_What you are asked to do_
Entries below include pictures. Output exactly the lines from the one with "Casă cu 6 camere" down to the one with "French hydrangea 'Jip Blue' — hoodie", both ends included, and leave the pictures out.

(Extracted data entries)
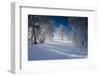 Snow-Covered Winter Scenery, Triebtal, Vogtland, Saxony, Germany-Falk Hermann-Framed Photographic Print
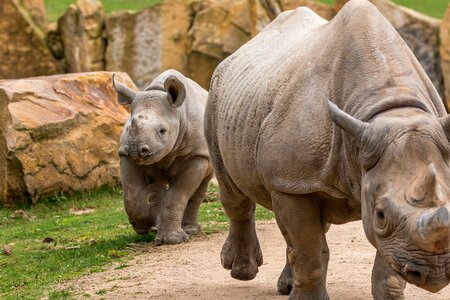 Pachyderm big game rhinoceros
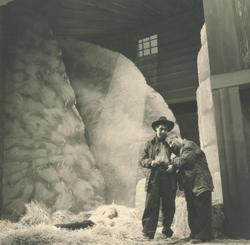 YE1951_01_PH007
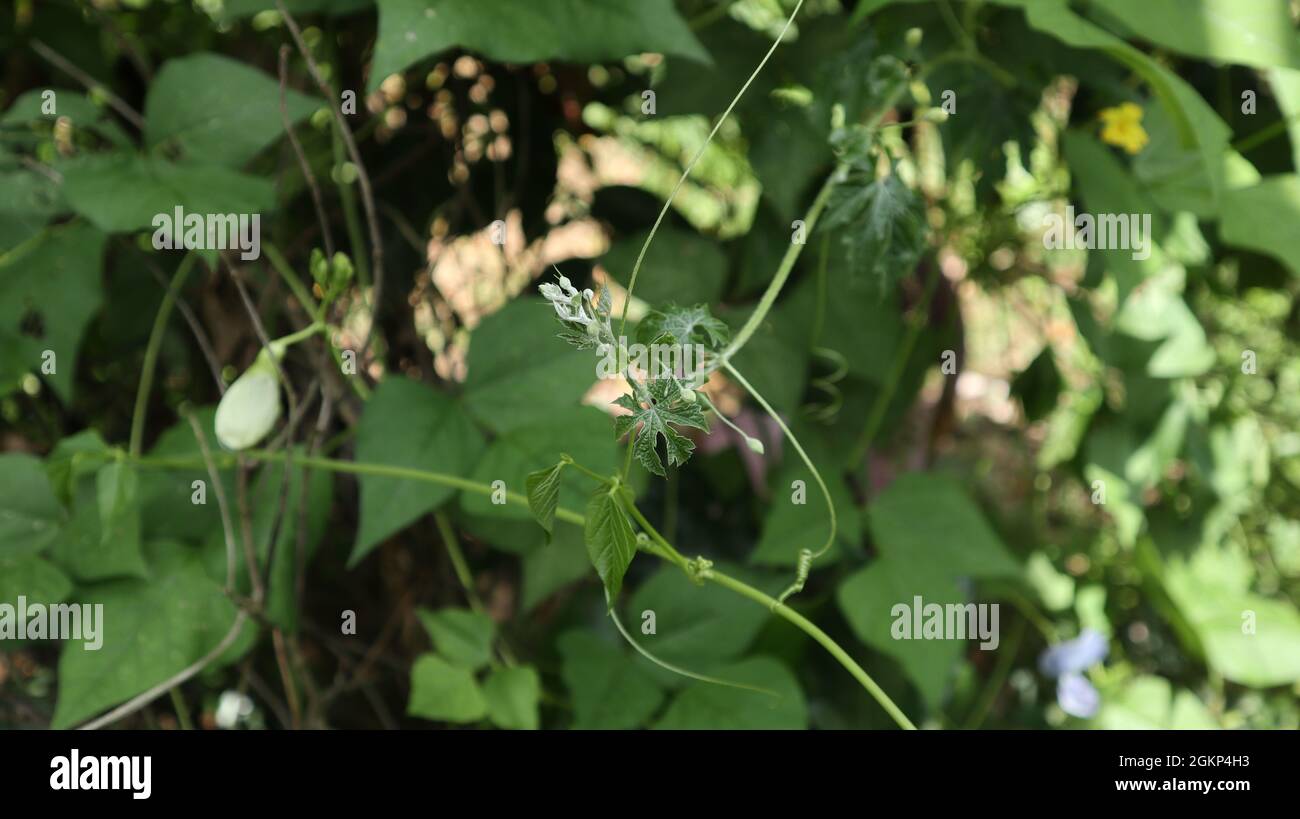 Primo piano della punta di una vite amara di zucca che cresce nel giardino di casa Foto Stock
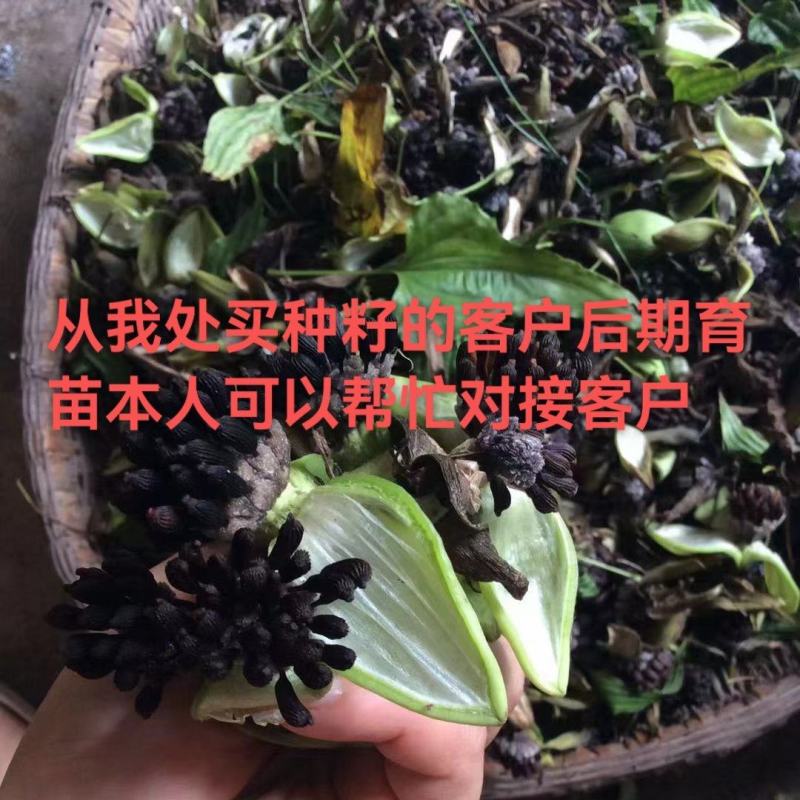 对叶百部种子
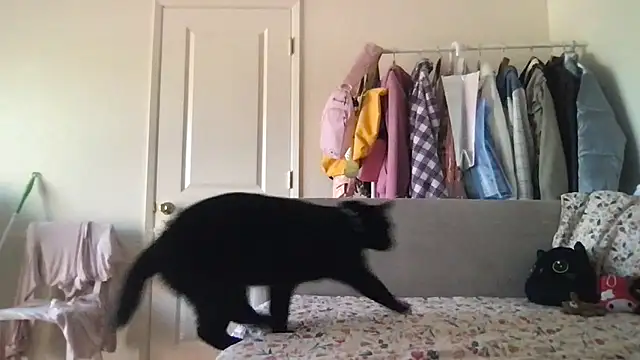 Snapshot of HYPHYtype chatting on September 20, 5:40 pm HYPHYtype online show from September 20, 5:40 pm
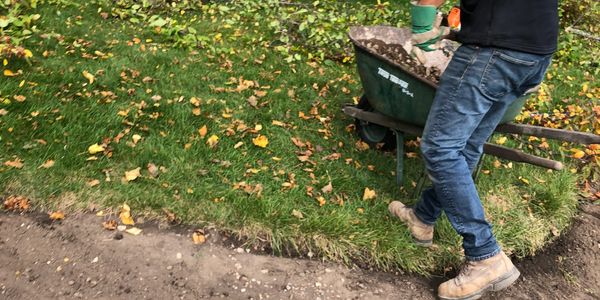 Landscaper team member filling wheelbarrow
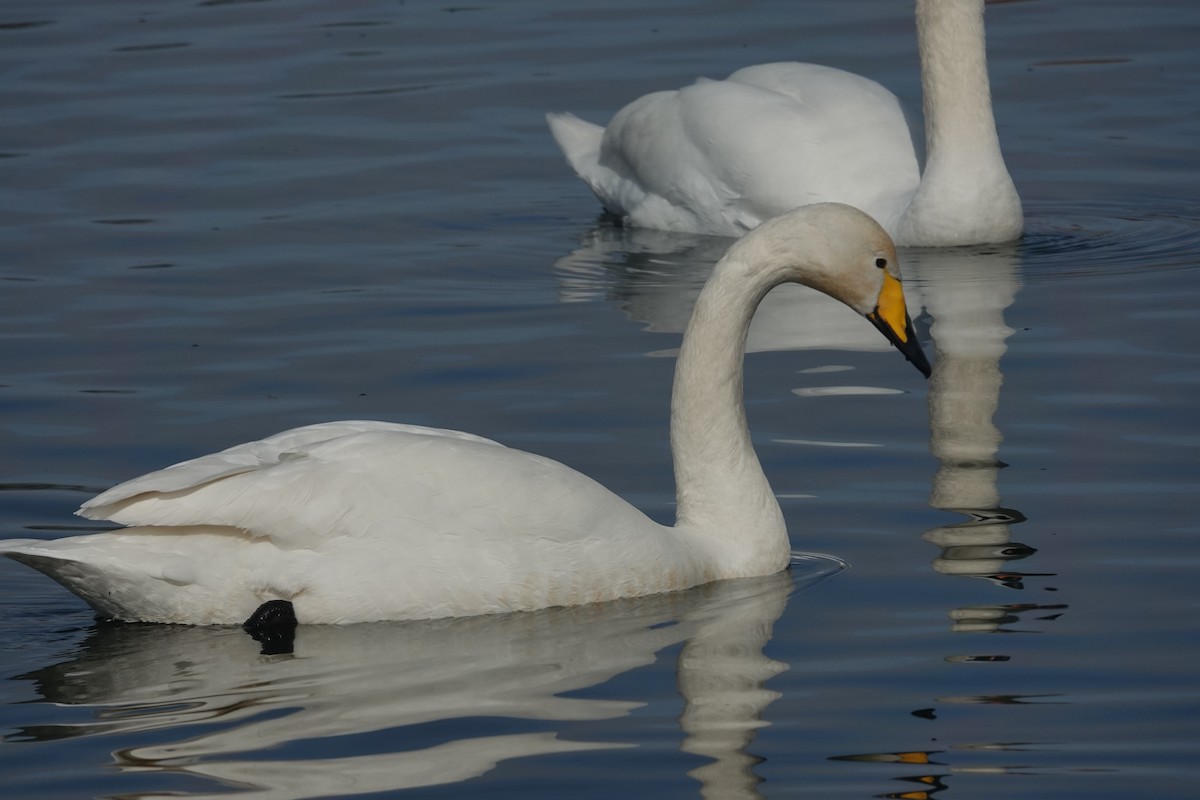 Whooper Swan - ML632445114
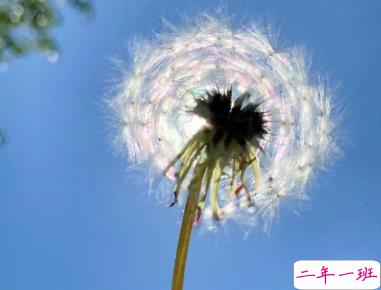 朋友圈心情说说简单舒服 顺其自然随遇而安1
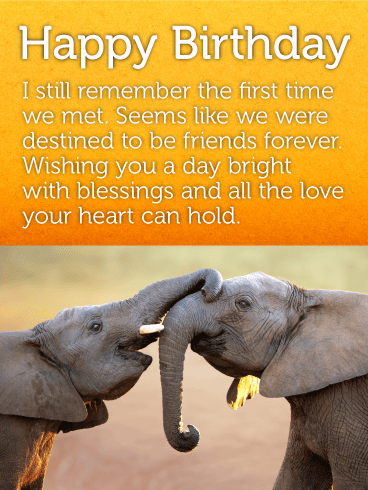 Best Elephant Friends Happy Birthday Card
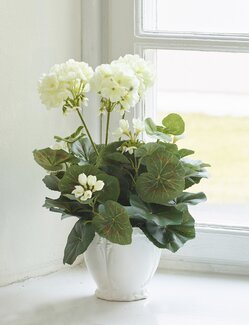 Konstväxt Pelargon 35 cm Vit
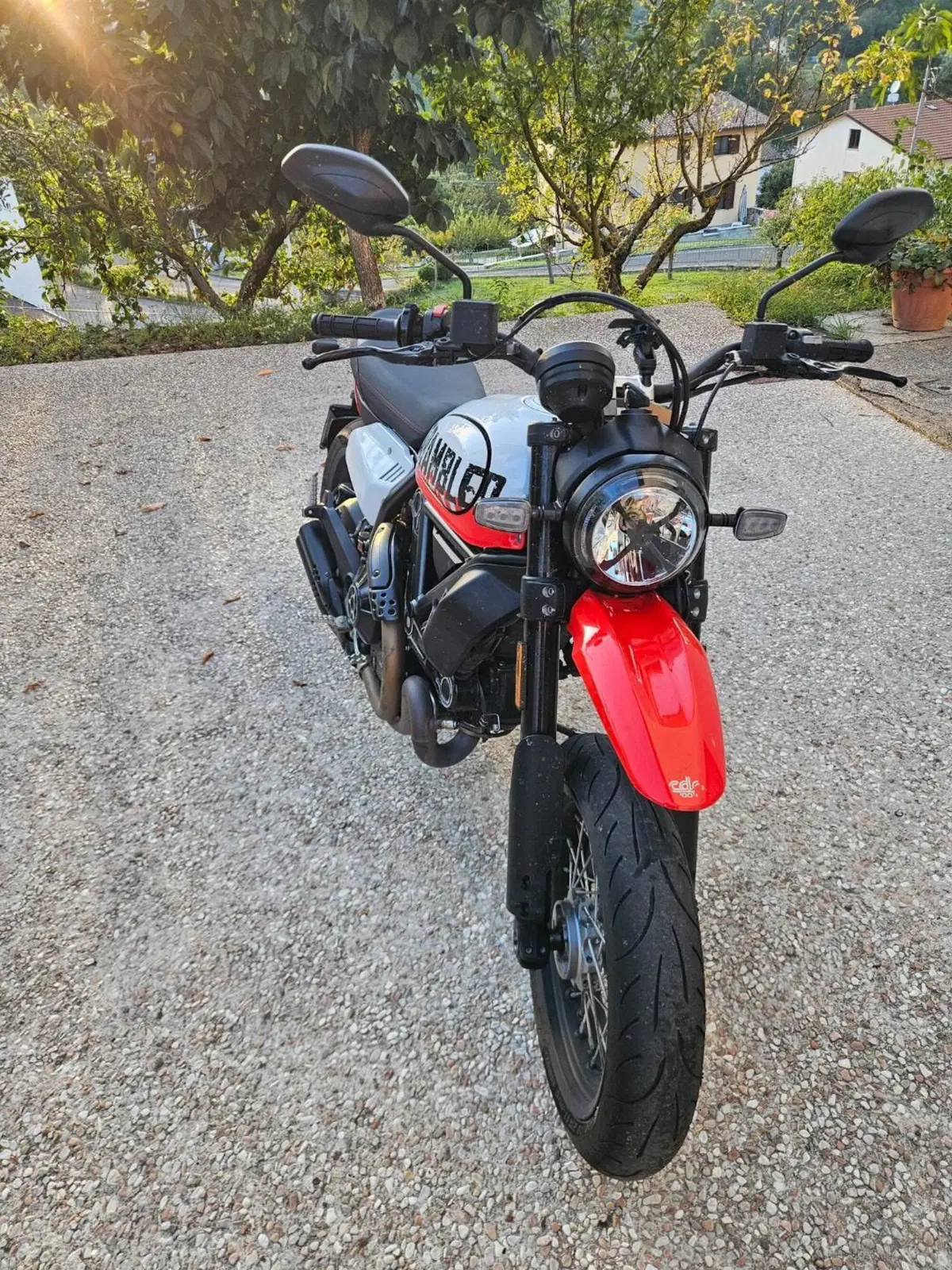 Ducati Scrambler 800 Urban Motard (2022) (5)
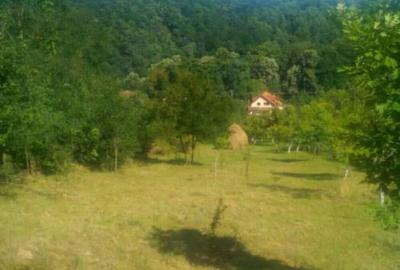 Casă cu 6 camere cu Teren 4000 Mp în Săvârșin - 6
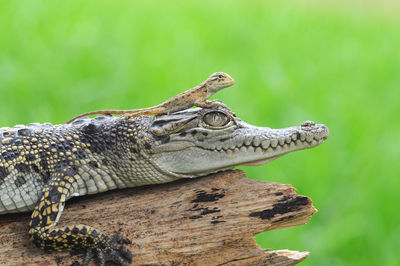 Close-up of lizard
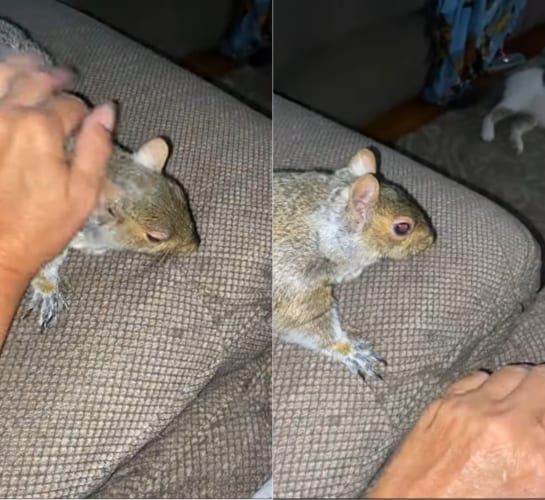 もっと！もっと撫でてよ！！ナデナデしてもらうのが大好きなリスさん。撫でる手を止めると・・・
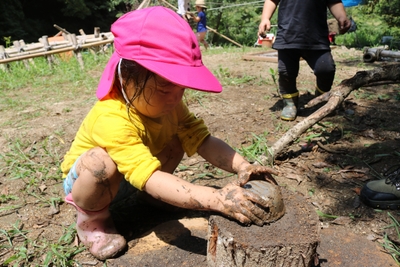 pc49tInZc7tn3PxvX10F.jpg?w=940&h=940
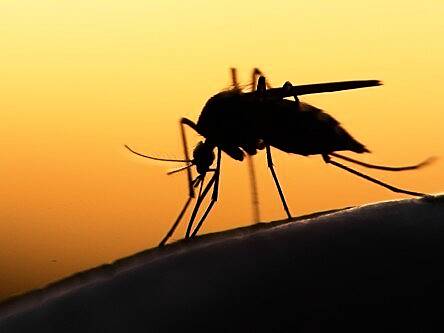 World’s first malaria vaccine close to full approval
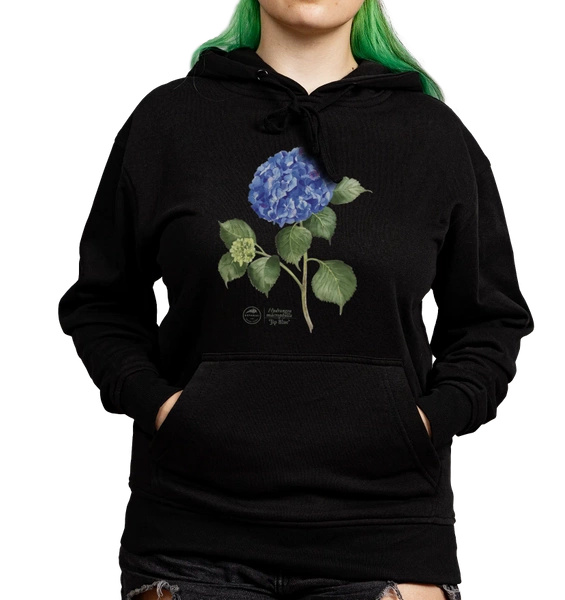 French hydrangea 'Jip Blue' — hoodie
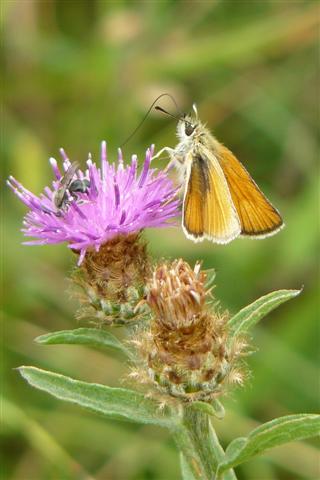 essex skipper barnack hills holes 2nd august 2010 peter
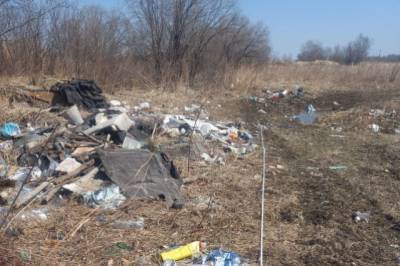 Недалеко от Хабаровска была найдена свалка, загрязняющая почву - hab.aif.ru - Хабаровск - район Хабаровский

_Solution for this problem_
 Casă cu 6 camere cu Teren 4000 Mp în Săvârșin - 6
 Close-up of lizard
 もっと！もっと撫でてよ！！ナデナデしてもらうのが大好きなリスさん。撫でる手を止めると・・・
 pc49tInZc7tn3PxvX10F.jpg?w=940&h=940
 World’s first malaria vaccine close to full approval
 French hydrangea 'Jip Blue' — hoodie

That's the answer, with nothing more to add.